Nur Kholiq juga mencontohkan implementasi KKN tematik di Kabupaten Brebes dan Kota Surakarta. Di Brebes, mahasiswa mampu menginjeksikan pesan pengawasan partisipatif ke 15 desa meski tanpa dukungan anggaran. Sedangkan di Surakarta, Bawaslu bekerjasama dengan Institut Mambaul Ulum yang bahkan membiayai sendiri program pemantauan pemilu melalui KKN Tematik. “Inilah bukti bahwa KKN Tematik dapat berjalan dengan baik melalui kolaborasi yang tepat,” tandasnya.

Paparan pertama disampaikan oleh Amir Fudin, Anggota Bawaslu Kabupaten Brebes. Ia mengulas detail mengenai program KKN Tematik yang dilaksanakan bersama STAI Brebes. “Kegiatan ini diikuti oleh 165 mahasiswa yang telah mendeklarasikan diri sebagai kader pengawas partisipatif. Mereka diterjunkan di 15 desa di tiga kecamatan sejak 17 Juli hingga 19 Agustus 2025,” papar Amir.

Amir menekankan bahwa tujuan utama KKN Tematik adalah meningkatkan partisipasi masyarakat, memberikan pendidikan politik, dan menciptakan model pengawasan yang efektif. Metode yang diterapkan beragam, mulai dari presentasi, diskusi forum warga, hingga dialog interaktif di balai desa maupun posko warga. “Kami menghadapi hambatan berupa minimnya dukungan anggaran dan kesadaran masyarakat. Namun, tantangan ini justru mendorong kami untuk terus berinovasi bersama mahasiswa,” imbuhnya.

Narasumber kedua, Agus Sulistyo, Anggota Bawaslu Kota Surakarta, menyoroti peran KKN Tematik sebagai jangkar pengawasan pemilu. Menurutnya, pemilu adalah pilar demokrasi yang membutuhkan keterlibatan semua pihak, khususnya generasi muda. “Dari 203 juta pemilih pada Pilkada serentak 2024, lebih dari separuhnya berasal dari generasi Z dan Milenial. Mahasiswa sebagai agen perubahan memiliki posisi strategis untuk memperkuat demokrasi,” jelas Agus.

Agus menggambarkan peran mahasiswa dalam KKN Tematik: sebagai edukator, fasilitator, pengawas partisipatif, dan katalisator. “Mahasiswa membantu masyarakat memahami pentingnya pemilu yang jujur dan adil, sekaligus menjadi role model bagi pemuda peduli pemilu. Konsep jangkar ini ibarat pengikat agar demokrasi tidak melenceng dari jalurnya,” katanya.

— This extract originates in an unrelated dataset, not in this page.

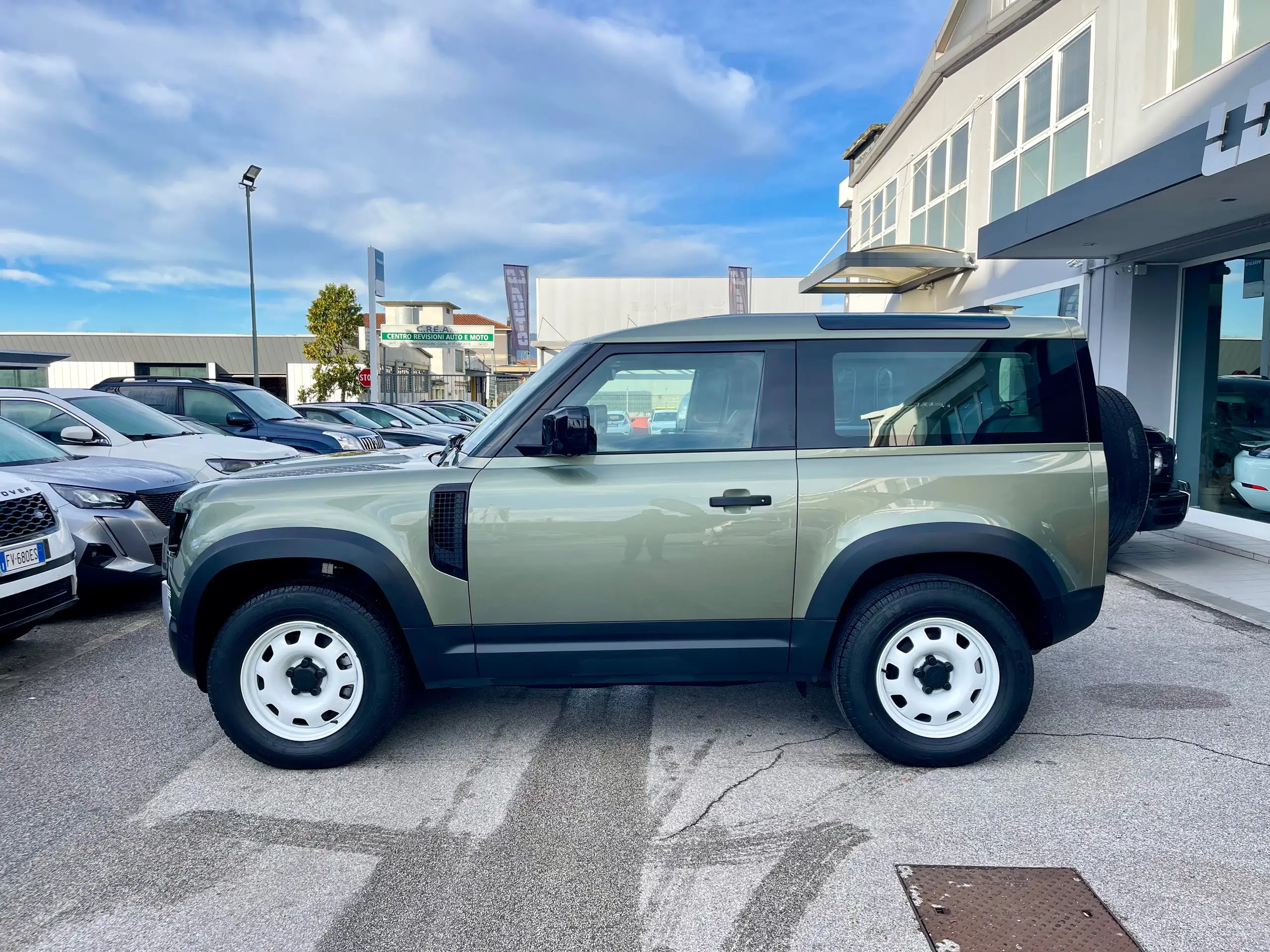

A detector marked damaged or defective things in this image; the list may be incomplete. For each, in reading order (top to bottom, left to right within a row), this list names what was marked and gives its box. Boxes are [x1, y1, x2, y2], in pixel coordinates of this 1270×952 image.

cracked asphalt [2, 574, 1270, 952]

Di Surakarta, implementasi KKN Tematik telah dilakukan melalui PKS antara Bawaslu Jateng dan IIM Surakarta. Mahasiswa dibagi dalam kelompok, ikut serta dalam kegiatan Panwascam dan Panwas Kelurahan, serta membuka ruang diskusi warga di pos ronda hingga PKK. Mereka juga membuat kampanye sosial anti hoaks dan anti politik uang. “Meski ada kendala, seperti keterbatasan waktu dan minimnya pembekalan, KKN Tematik terbukti menjadi media strategis collaborative movement antara Bawaslu dan kampus,” ujar Agus.

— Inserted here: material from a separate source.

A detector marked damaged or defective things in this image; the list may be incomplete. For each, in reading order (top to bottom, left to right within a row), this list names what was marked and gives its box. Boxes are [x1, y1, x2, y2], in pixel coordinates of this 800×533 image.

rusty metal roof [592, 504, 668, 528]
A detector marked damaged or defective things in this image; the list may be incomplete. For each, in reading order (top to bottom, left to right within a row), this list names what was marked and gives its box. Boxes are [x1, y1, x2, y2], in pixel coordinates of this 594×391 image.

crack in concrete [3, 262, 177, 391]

Dari hasil diskusi, peserta menyepakati beberapa poin penting untuk keberlanjutan program KKN Tematik, antara lain: Penyusunan kurikulum atau roadmap KKN Tematik sebagai panduan bagi Bawaslu Kabupaten/Kota, Pentingnya koordinasi dengan pihak Dinas Pemberdayaan Masyarakat dan Desa (Dinpermades) sebelum pelaksanaan KKN, dan KKN dipandang sebagai bentuk nyata pengabdian masyarakat yang relevan dengan Tri Dharma Perguruan Tinggi.

Kegiatan ini menegaskan bahwa KKN Tematik memiliki peran vital sebagai media penguatan pengawasan partisipatif. Meski menghadapi tantangan berupa keterbatasan anggaran dan respon masyarakat yang beragam, peluang kolaborasi dengan perguruan tinggi terbuka lebar.

Ketua Bawaslu Jateng, Muhammad Amin, menutup dengan pernyataan tegas: “KKN Tematik harus menjadi ruang pembelajaran kolektif. Mahasiswa tidak hanya belajar, tetapi juga mengajarkan nilai-nilai demokrasi dan integritas kepada masyarakat. Inilah wujud nyata pengawasan partisipatif yang sejati.”

Dengan demikian, KKN Tematik dipandang bukan hanya sebagai program temporer, melainkan sebagai jangkar gerakan kolaboratif yang akan mengikat demokrasi Indonesia pada jalurnya, menuju pemilu yang lebih jujur, adil, dan berintegritas.